▸ **Exercise description**:
Restate the listing below word for word; no picture is to be carried over.
#### Supplied material
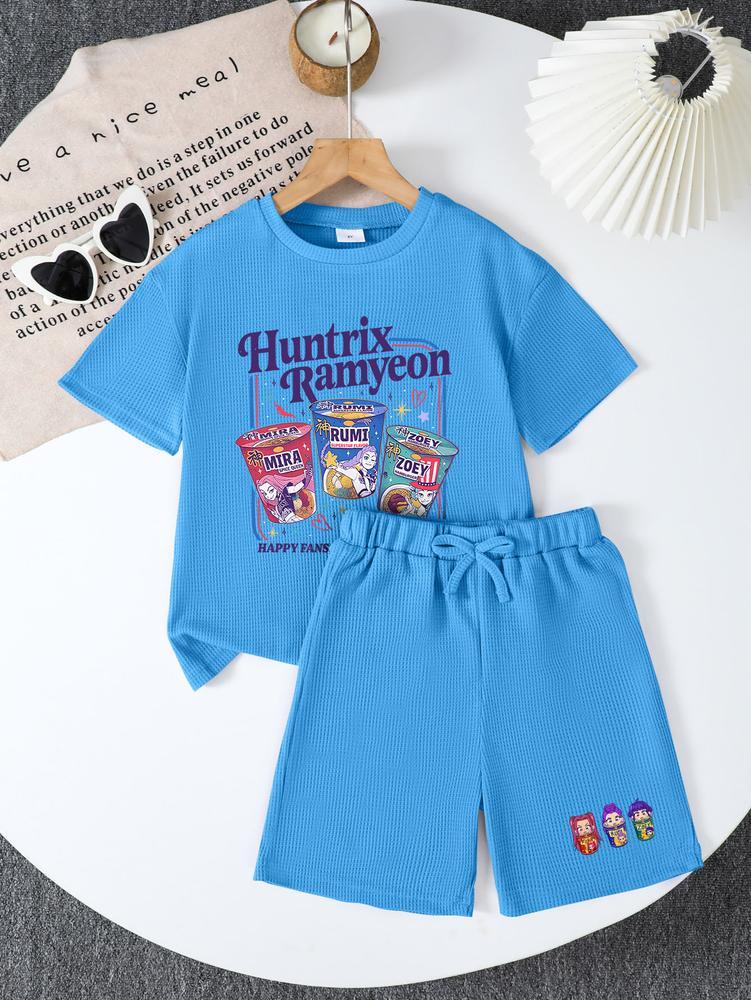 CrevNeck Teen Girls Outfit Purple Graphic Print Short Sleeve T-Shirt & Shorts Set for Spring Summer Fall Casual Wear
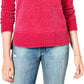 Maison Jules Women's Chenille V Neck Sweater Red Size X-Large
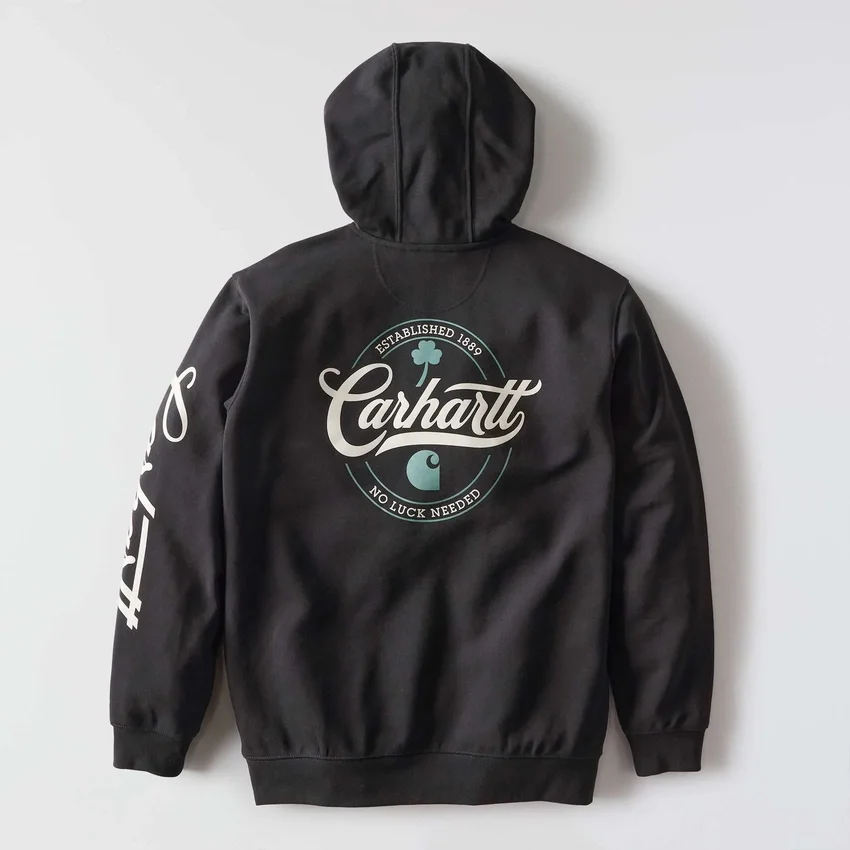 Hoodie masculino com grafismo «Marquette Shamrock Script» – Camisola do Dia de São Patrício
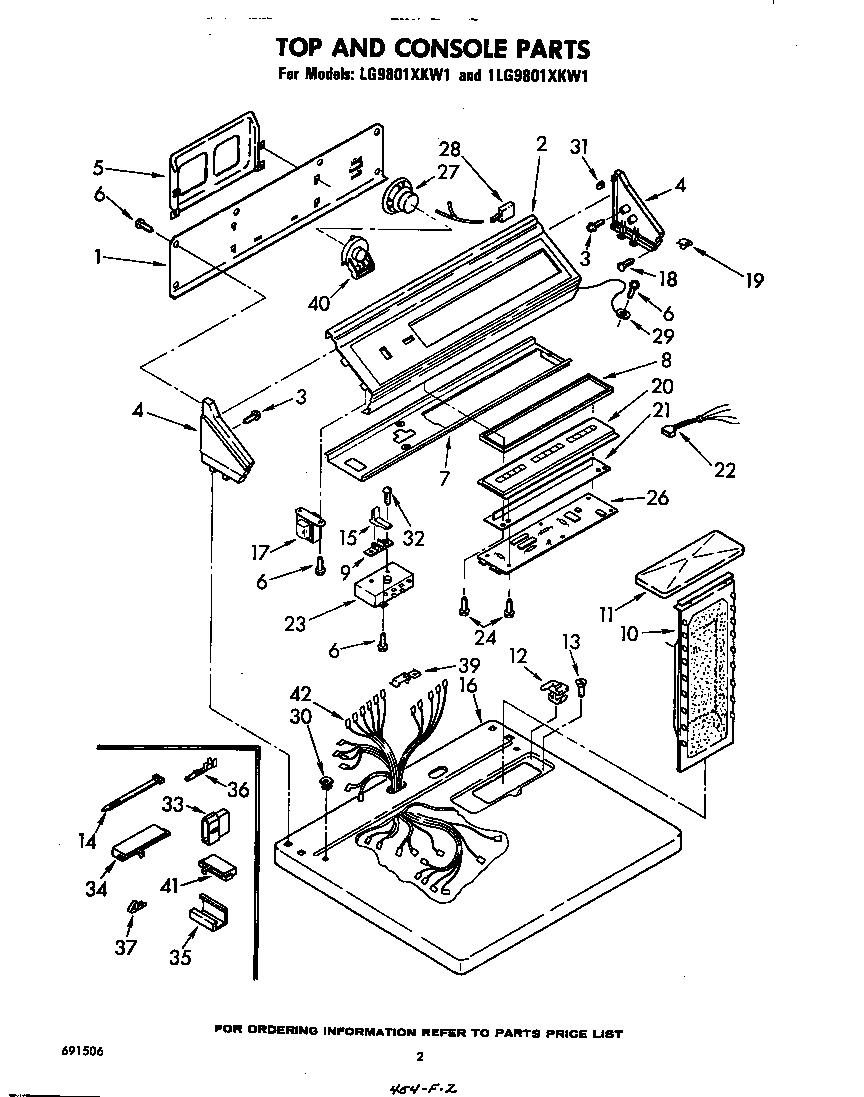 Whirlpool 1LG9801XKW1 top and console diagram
########
▸ **Solution**:
 CrevNeck Teen Girls Outfit Purple Graphic Print Short Sleeve T-Shirt & Shorts Set for Spring Summer Fall Casual Wear
 Maison Jules Women's Chenille V Neck Sweater Red Size X-Large
 Hoodie masculino com grafismo «Marquette Shamrock Script» – Camisola do Dia de São Patrício
 Whirlpool 1LG9801XKW1 top and console diagram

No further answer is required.